Rivers are critical corridors for environmental monitoring and disaster response, where Unmanned Aerial Vehicles (UAVs) guided by vision-driven policies can provide fast, low-cost coverage. However, deployment exposes simulation-trained policies with distribution shift and safety risks and requires efficient adaptation from limited human interventions. We study human-in-the-loop (HITL) learning with a conservative overseer who vetoes unsafe or inefficient actions and provides statewise preferences by comparing the agent's proposal with a corrective override. We introduce Statewise Hybrid Preference Alignment for Robotics (SPAR-H), which fuses direct preference optimization on policy logits with a reward-based pathway that trains an immediate-reward estimator from the same preferences and updates the policy using a trust-region surrogate.
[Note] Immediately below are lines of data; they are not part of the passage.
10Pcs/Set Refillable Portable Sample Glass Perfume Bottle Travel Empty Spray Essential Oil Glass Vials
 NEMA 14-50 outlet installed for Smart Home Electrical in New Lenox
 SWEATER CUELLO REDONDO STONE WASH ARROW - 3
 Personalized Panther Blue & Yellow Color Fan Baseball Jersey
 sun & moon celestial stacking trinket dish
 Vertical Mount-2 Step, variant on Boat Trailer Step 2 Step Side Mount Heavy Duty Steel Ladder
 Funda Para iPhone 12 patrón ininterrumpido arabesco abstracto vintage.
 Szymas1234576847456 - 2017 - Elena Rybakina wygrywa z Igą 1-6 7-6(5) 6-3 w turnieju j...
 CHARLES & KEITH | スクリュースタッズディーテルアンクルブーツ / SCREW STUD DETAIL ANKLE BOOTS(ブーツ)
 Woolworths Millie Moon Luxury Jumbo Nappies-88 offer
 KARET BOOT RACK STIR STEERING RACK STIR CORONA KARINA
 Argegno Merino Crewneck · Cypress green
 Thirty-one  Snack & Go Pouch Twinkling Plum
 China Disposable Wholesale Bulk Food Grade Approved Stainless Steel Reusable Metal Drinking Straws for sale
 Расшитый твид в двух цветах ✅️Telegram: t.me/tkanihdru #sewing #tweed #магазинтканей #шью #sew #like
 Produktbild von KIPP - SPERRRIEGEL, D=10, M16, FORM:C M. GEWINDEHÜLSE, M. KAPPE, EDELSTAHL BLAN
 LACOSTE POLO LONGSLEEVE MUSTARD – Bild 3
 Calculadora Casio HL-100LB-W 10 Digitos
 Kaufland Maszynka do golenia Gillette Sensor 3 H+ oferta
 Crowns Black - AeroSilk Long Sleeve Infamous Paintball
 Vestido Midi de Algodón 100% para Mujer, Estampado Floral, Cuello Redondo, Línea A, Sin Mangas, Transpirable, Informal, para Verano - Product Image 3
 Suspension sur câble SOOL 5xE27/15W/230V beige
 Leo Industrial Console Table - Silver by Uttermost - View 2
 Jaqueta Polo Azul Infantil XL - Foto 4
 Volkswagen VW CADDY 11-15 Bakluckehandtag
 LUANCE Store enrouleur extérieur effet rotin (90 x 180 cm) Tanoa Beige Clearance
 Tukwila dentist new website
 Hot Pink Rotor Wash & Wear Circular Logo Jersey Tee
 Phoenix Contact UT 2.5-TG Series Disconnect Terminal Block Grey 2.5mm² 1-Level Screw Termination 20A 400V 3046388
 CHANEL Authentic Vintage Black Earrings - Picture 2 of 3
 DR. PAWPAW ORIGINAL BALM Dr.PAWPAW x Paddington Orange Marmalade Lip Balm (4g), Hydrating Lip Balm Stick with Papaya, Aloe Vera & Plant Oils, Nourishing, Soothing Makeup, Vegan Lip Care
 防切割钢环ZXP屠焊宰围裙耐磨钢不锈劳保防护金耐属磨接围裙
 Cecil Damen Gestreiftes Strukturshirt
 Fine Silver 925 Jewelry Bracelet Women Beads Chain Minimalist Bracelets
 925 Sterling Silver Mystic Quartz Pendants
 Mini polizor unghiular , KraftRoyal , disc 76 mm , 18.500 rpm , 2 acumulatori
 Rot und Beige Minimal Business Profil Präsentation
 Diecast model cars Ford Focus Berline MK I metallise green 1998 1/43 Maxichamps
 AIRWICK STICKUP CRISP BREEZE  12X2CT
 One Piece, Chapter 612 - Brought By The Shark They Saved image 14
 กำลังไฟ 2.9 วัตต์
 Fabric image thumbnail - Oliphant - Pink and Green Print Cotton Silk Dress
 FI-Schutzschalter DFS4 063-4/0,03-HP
With five HITL rollouts collected from a fixed novice policy, SPAR-H achieves the highest final episodic reward and the lowest variance across initial conditions among tested methods. The learned reward model aligns with human-preferred actions and elevates nearby non-intervened choices, supporting stable propagation of improvements. We benchmark SPAR-H against imitation learning (IL), direct preference variants, and evaluative reinforcement learning (RL) in the HITL setting, and demonstrate real-world feasibility of continual preference alignment for UAV river following. Overall, dual statewise preferences empirically provide a practical route to data-efficient online adaptation in riverine navigation.

Paper Structure

This paper contains 15 sections, 15 equations, 8 figures, 2 tables, 1 algorithm.

Figures (8)

  • Figure 1: Comparison of HITL learning methods. Statewise hybrid preference alignment combines direct (RL-free) preference optimization applied to policy logits and RLHF-style reward model preferences that indirectly drive policy update. Both signals arise from per-state comparisons between the human override and the agent proposal. Imitation learning methods mainly use weighted behavior cloning on the human-intervened trajectory, where human corrective actions are given larger weights.
  • Figure 2: Vision-to-action pipeline for river following. RGB is segmented by SAM2 into a water mask, patchified, passed through a frozen GRU encoder, then split to a policy head (action) and a reward head (immediate reward).
  • Figure 3: Experiment design for HITL learning. Starting from a novice policy, models are sequentially trained on current existing episodes with human corrective data and saved as checkpoints. Cp stands for checkpoint, and Ep means episode.
  • Figure 4: Episodic rewards per checkpoint. SPAR-H yields the overall largest gains by combining direct and reward-based preference alignment.
  • Figure 5: Final checkpoint performance. SPAR-H achieves the highest mean reward and lowest variance across initial conditions.